Le contexte d'édition
Jean Bruller travailla à ses eaux-fortes qu'il intitula Silences, mot emblématique à plus d'un titre dans sa double carrière et mot auquel il a « toujours trouvé de profondes résonnances ».
La crise économique de ces années-là le conduisirent à imprimer lui-même son « cahier de gravures » sur sa « presse à bras » et à les enluminer « ensuite, à la main, au pochoir. Rien à payer, sauf le papier ».
Jean Bruller déclina divers silences: « Silence mental de l'écrivain paralysé par la feuille blanche. Silence mortel d'une maison solitaire où personne ne répond à l'appel des voisins. Silence subit dans la pièce où pénètre, par surprise, un ennemi armé. Silence tremblant avant le viol au fond des bois. Silence nocturne où, derrière une fenêtre, un homme tout seul écrit, son révolver en attente sur la table. Ainsi de suite ».
Comme les commandes affluèrent alors qu'il avait, par précaution, limité la série « à trois cents exemplaires par petites tranches de cinquante ou soixante », il fut obligé de travailler sans aide tout l'été à une cadence accélérée: « Peu entraîné, deux heures de ce travail m'irritent la paume, épuisent mes biceps. Après trois heures je souffre et le surplus m'évoque l'enfer"...L'Enfer de recommencer " éternellement " le même pénible travail de force! ».
Le silence d'avant Le Silence de la mer
Les topoï du silence et de la mer ne surgirent pas ex nihilo en 1942 dans son premier récit Le Silence de la mer, publié clandestinement par les Éditions de Minuit. Ces thématiques étaient déjà récurrentes dans l'univers artistique, poétique et autobiographique du jeune dessinateur. Le titre du récit mythique de 1942 révèle avec force cette idée fixe. Celle-ci se rencontre déjà dans son premier album de 1926, 21 Recettes de mort violente, en particulier dans le premier chapitre « Du suicide par immersion totale ». Elle se prolonge dans La Danse des vivants, par exemple dans les planches « Mutinerie à bord » et « Le Radeau de l'éternelle espérance ». Cette focalisation sur l'univers marin est encore nettement visible en 1942 quand Jean Bruller, en plus de l'écriture du Silence de la mer, illustre les trois poèmes en prose d'Edgar Poe et la ballade de Coleridge. Tout autant que Jean Bruller, Vercors revient sur ce réseau imagé, par exemple pour les titres Le Radeau de la méduse et Tendre Naufrage, pour la diégèse du récit Sillages (1972). Le Commandant du Prométhée, ultime récit de Vercors, semble un écho manifeste de ce travail lexical.

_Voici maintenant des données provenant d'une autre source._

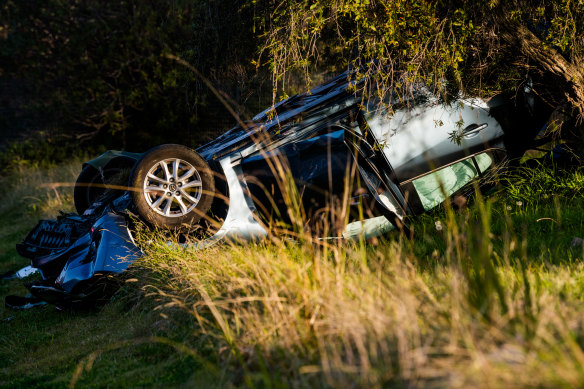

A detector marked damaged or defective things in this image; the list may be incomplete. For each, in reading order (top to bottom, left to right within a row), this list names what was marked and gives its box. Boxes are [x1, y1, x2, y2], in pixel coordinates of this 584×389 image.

overturned car [14, 69, 552, 306]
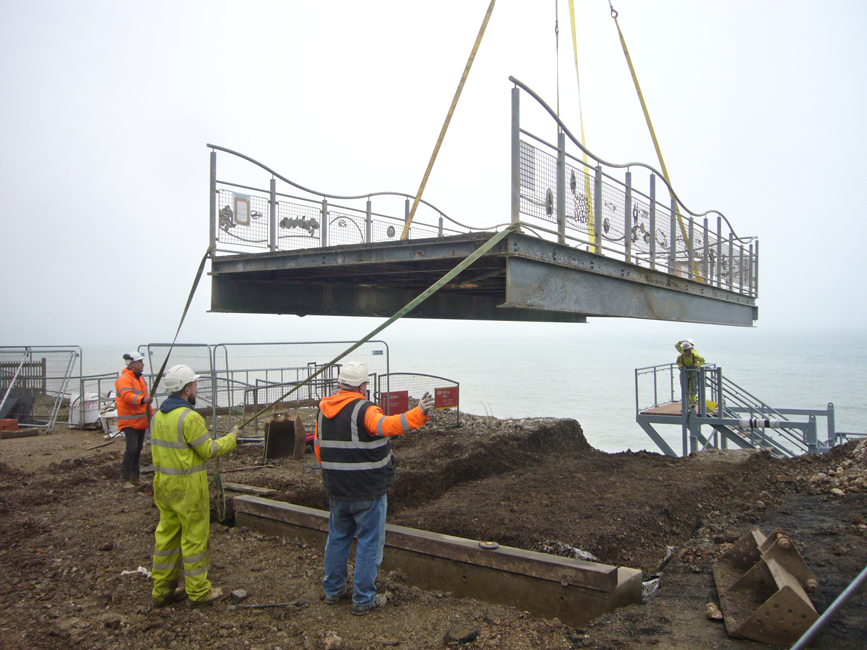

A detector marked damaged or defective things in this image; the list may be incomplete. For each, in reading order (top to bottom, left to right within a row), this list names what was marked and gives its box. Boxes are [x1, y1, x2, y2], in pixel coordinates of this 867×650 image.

rusty steel beam on ground [232, 494, 644, 624]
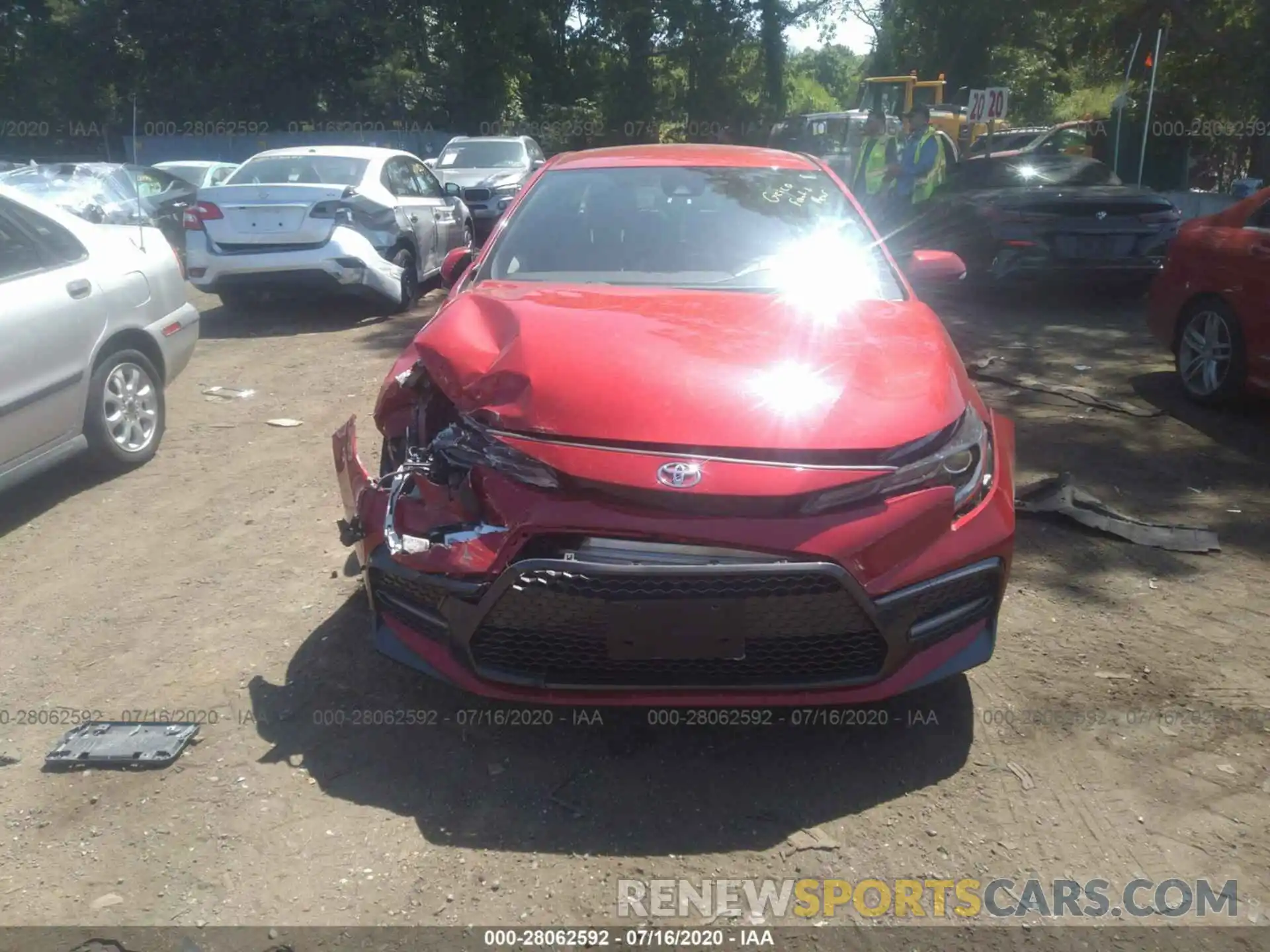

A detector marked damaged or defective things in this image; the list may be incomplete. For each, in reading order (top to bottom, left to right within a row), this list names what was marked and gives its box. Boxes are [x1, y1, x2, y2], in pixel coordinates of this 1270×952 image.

crushed bumper [184, 223, 400, 301]
parked damaged car [181, 145, 474, 311]
crumpled hood [434, 167, 529, 189]
crumpled hood [407, 280, 974, 452]
damaged headlight [431, 418, 561, 487]
parked damaged car [332, 143, 1016, 709]
crushed bumper [332, 413, 1016, 703]
damaged headlight [804, 405, 995, 516]
broken plastic [1011, 473, 1222, 550]
broken plastic [46, 725, 200, 772]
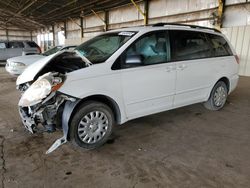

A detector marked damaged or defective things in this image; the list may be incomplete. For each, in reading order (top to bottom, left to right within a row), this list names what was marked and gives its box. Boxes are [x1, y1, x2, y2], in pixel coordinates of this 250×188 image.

crumpled hood [16, 50, 63, 84]
damaged white minivan [16, 23, 239, 153]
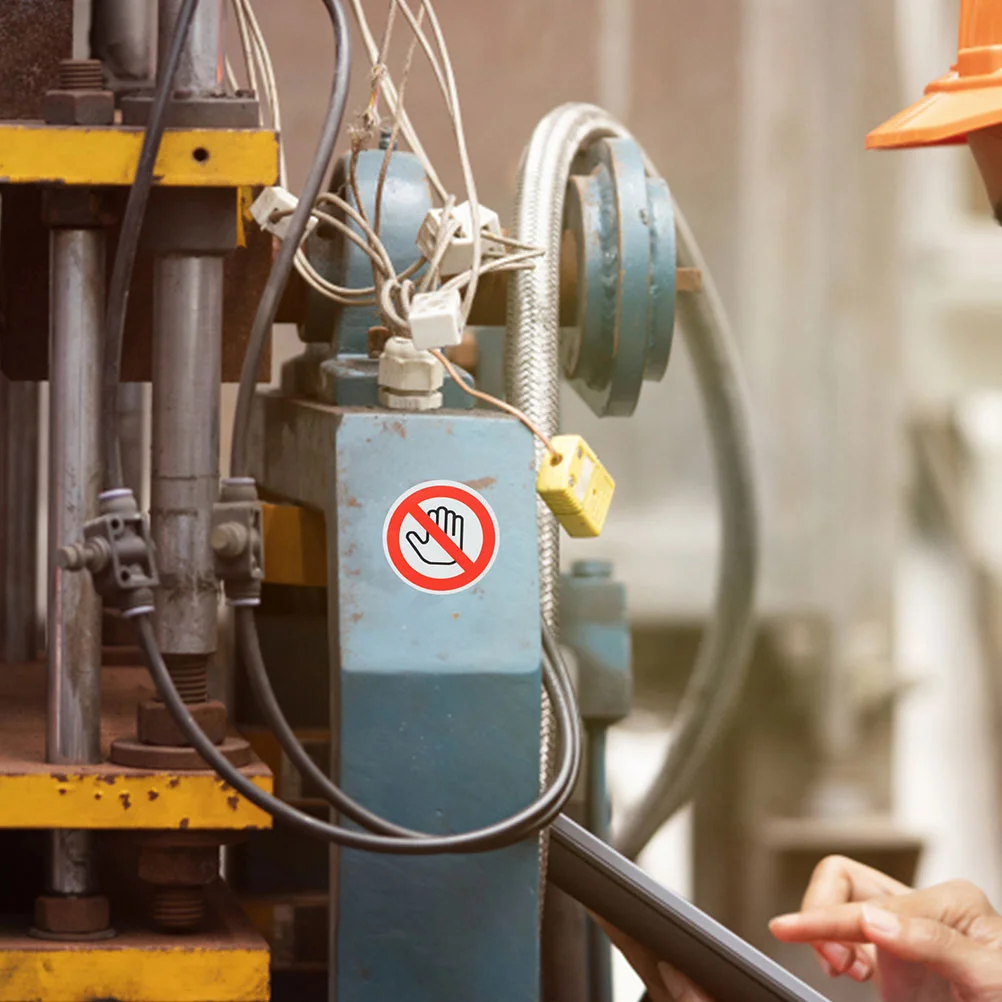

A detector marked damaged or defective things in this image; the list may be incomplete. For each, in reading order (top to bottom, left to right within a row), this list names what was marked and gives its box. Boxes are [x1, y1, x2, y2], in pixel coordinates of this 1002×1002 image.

rusty bolt [138, 700, 228, 748]
rusty bolt [34, 896, 109, 932]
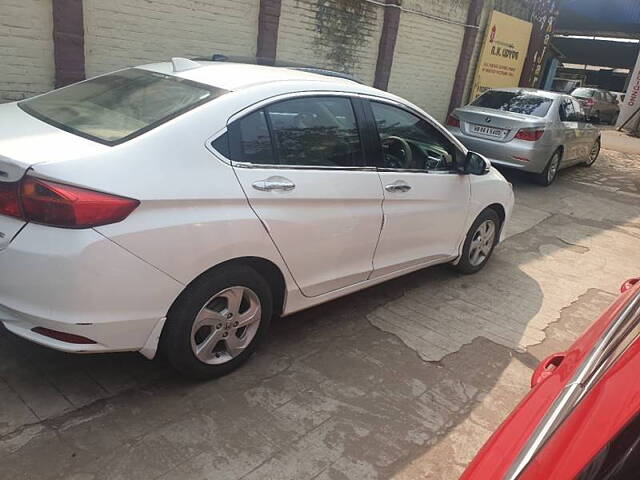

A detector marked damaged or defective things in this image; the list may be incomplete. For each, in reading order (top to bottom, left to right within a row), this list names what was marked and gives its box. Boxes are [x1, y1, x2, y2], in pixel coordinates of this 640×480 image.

dent on car door [215, 94, 384, 296]
dent on car door [364, 99, 470, 276]
cracked concrete ground [1, 129, 640, 478]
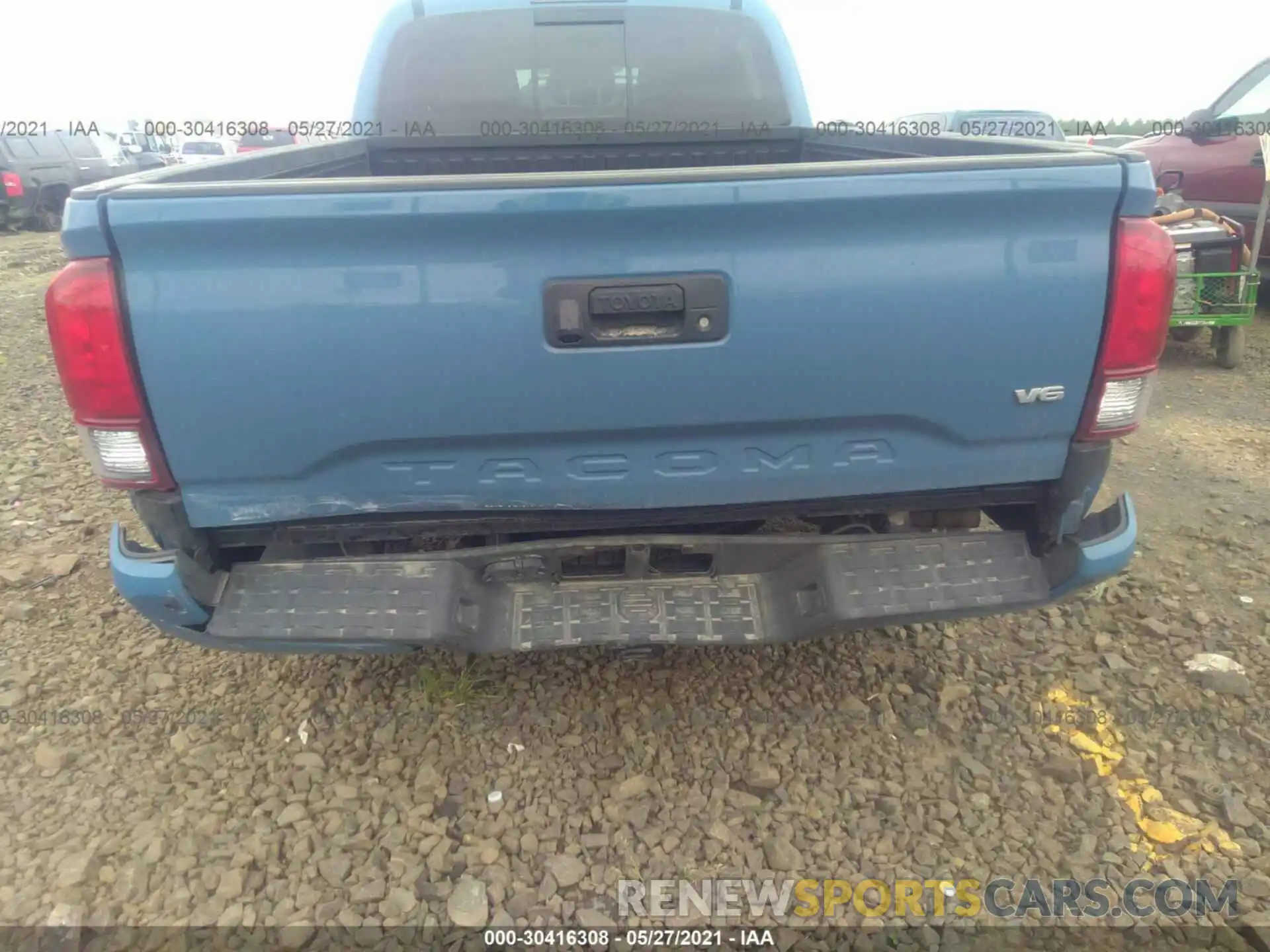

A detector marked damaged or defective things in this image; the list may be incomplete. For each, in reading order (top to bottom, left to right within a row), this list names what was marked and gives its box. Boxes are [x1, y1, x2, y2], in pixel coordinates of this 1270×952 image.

L'album Silences résonne de manière polyphonique:
- Les gravures interrogent bien des silences: celui, angoissé, de la page blanche de l'artiste; ceux de l'irrémédiable solitude humaine ou de la nature humaine, originellement mauvaise, que l'admirateur de Jean Bruller décèle dans La Danse des vivants.
- Il revêt aussi l'aspect le plus contingent et le plus matériel qui soit, à savoir le silence de l'oeuvre menacée dans sa sortie éditoriale, puisque, comme je l'ai dit plus haut, Jean Bruller dut s'auto-éditer à cause du déclin du beau livre d'après-guerre qu'il avait prédit dès 1931 dans la revue cossue Arts et métiers graphiques, et qu'il entérina dans un dernier article du 15 août 1937 pour cette revue.
- Le silence inquiet face à l'approche de la guerre et au musèlement artistique imminent., une approche précise qu'il avait stigmatisée dans l'album Visions intimes et rassurantes de la guerre (1936).